Stuck while reading TCP socket

Hello everyone, I’m very unfamiliar with Go as well as lower level details of sockets. I hope you all can help me out.

I have this client-server application that I’m running on a cluster of computers. The server is running on any one system and it will connect to several processes and maintain this open connection throughout the lifetime of the application. Whenever a client connects to the server, the server reads one line from this connection. This process works smoothly until I have 130 client processes. With 131 client processes, it fails most of the time. The server gets stuck trying to read that single line. Relevant code is shown below.

server

func main() {
// Some code
	port := 8080
	host := "0.0.0.0"

	ln, err := net.Listen("tcp", fmt.Sprintf("%s:%d", host, port))
	utils.CheckError(err)
	log.Printf("Server running on port %d\n", port)
	for {
		conn, err := ln.Accept()
		utils.CheckError(err)
		handleConnection(conn)
	}
// Some other code
}

func handleConnection(c net.Conn) {
	status, err := bufio.NewReader(c).ReadString('\n') // This is where the server gets stuck!!!
	utils.CheckError(err)
// Some other code
}

client

func main() {
// Some code
	conn, err := net.Dial("tcp", os.Args[1])
	utils.CheckError(err)
	filename := os.Args[2]
// Some code
	f, err := os.Open(pdFilename)
	utils.CheckError(err)
	line, err := bufio.NewReader(f).ReadString('\n')
	utils.CheckError(err)
	fmt.Fprintf(conn, "%s", line)
// Some other code
}

As you can see in the following example, you should use a goroutine to handle the results in a concurent environment on server side.
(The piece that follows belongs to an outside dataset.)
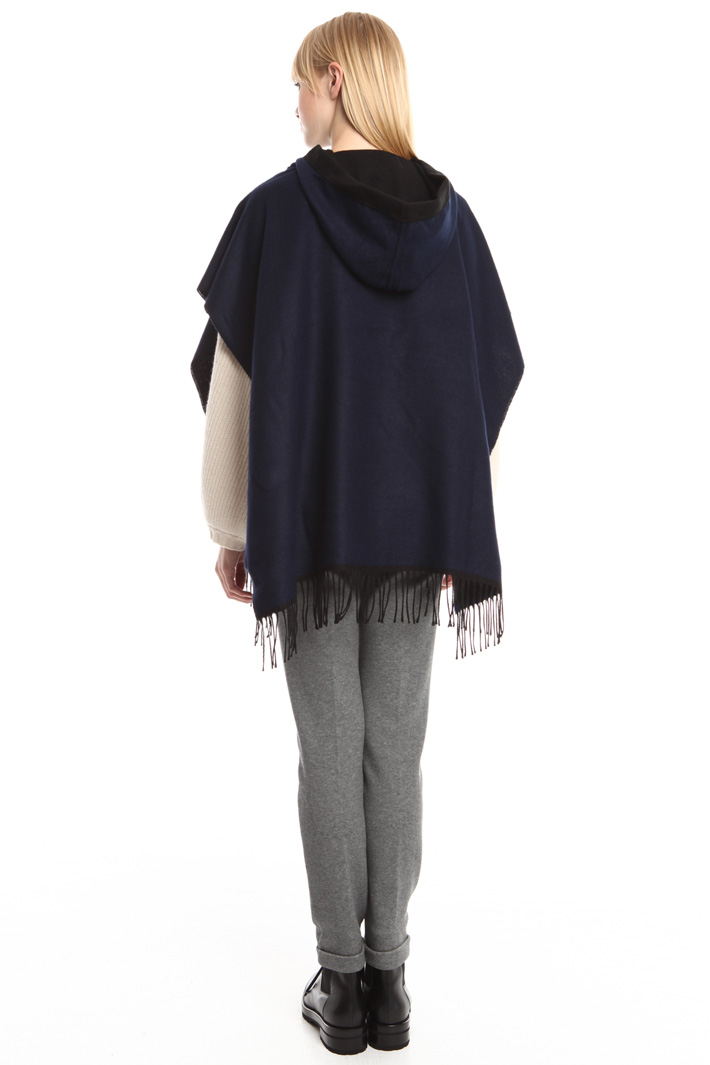 Fringed hooded poncho Intrend Fringed hooded poncho Intrend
https://golang.org/src/net/example_test.go

The example is handling individual requests in goroutines only to serve the requests faster. I don’t think handling things serially should lead to the kind of behaviour that I’m getting.

Well, in servers programming there isn’t anything serial (even if it looks like) but concurrent because is no guarantee that requests will happen serially. So you must consider this in all your future developments.

1 Like

Well, thanks for the pro tip. I do launch a goroutine later down the handleConnection function. I was hoping to get an idea about what might be wrong in this code. I don’t think Handling requests serially is making this code behave weirdly when processes are > 130. When I say serially, I don’t mean in any particular order. I know requests can arrive in any order. But I’m processing them one after another.

Hi, Samvid, Maybe try adding something like this:

import "runtime/debug"
/* ... */
func main() {
    /* ... */
    go func() {
        time.Sleep(5 * time.Second)
        debug.PrintStack()
    }()
    /* ... */
}

I think that should print out the goroutine stack traces so you can see what they’re doing.

@samvidmistry don’t forget to close connections conn.close().
Also make sure that the client is actually sending data - do you monitor all the errors (if any) at client and server?

I can’t figured out why that happen around 130 requests but this is not the point. Basically concurrent mean running in the same time. So, if two or more requests touch ln.Accept() almost in the same time in the next moment you must jump into a new goroutine for every request to handle the result. Without those goroutines you will have the same code invoked by many requests in the same time with unpredictable results.

This is not true. A non-concurrent TCP server is not a bad thing and should be working. This has disadvantages, yes, but it does not produce “unpredictable results”.
If there are too many clients waiting for the .Accept() because the server can not keep up with the load then they might get cancelled.

Check again all the errors that are returned and make the utils.CheckError(err) fail the process if there is an error. And don’t forget to close all the connections.

2 Likes

Thank you for your help. The bug was in the client. It was getting stuck in some other code and could not send data to the server, hence the server also got stuck. The bug was so severe that I don’t even know how the program was working even for 2 processes, let alone 130. Just to reiterate, a serially accepting server should not be problemetic in itself. Also, how do I close this issue?

This topic was automatically closed 90 days after the last reply. New replies are no longer allowed.